#### STUDY MATERIAL ####
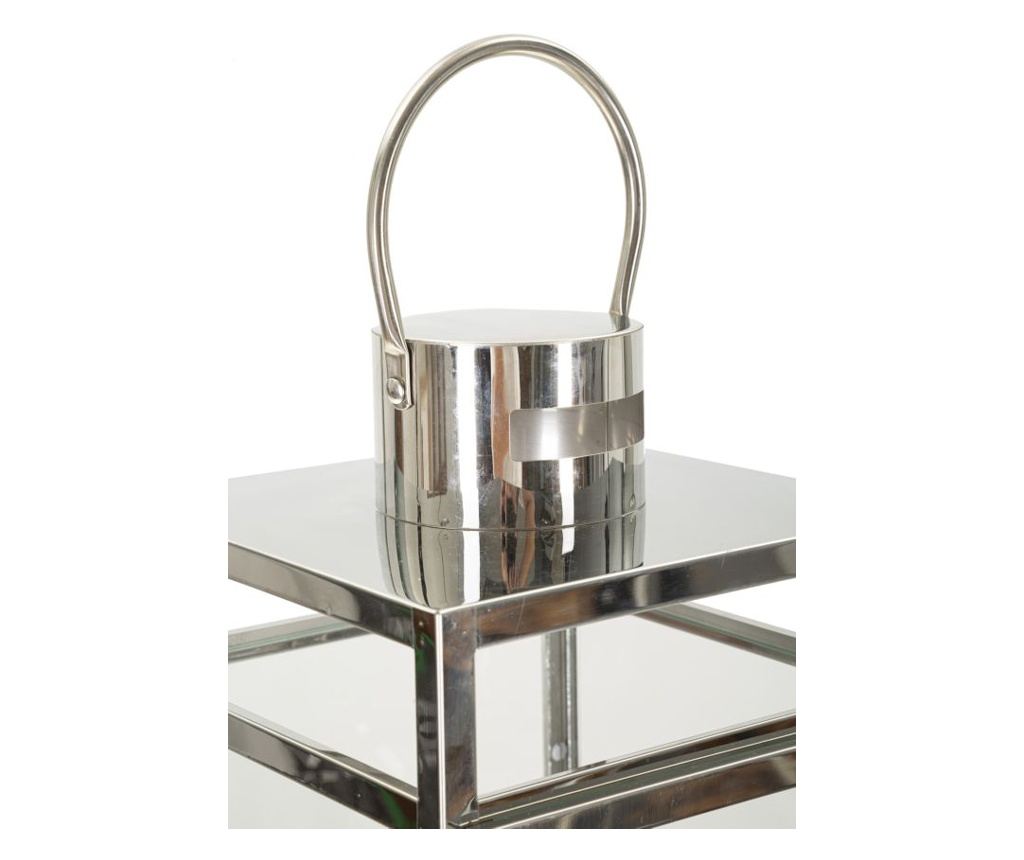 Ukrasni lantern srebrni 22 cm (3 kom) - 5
####
#### STUDY MATERIAL ####
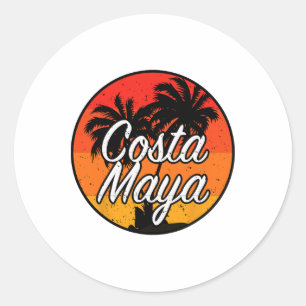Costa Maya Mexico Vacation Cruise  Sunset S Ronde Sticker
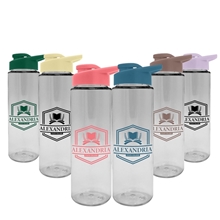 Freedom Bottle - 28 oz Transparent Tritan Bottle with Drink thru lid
####
Starting at the line containing "Costa Maya Mexico" and finishing at the line containing "Freedom Bottle - 28", return those lines exactly as they appear above, without the pictures.

• _EXERCISE ANSWER_:
Costa Maya Mexico Vacation Cruise  Sunset S Ronde Sticker
 Freedom Bottle - 28 oz Transparent Tritan Bottle with Drink thru lid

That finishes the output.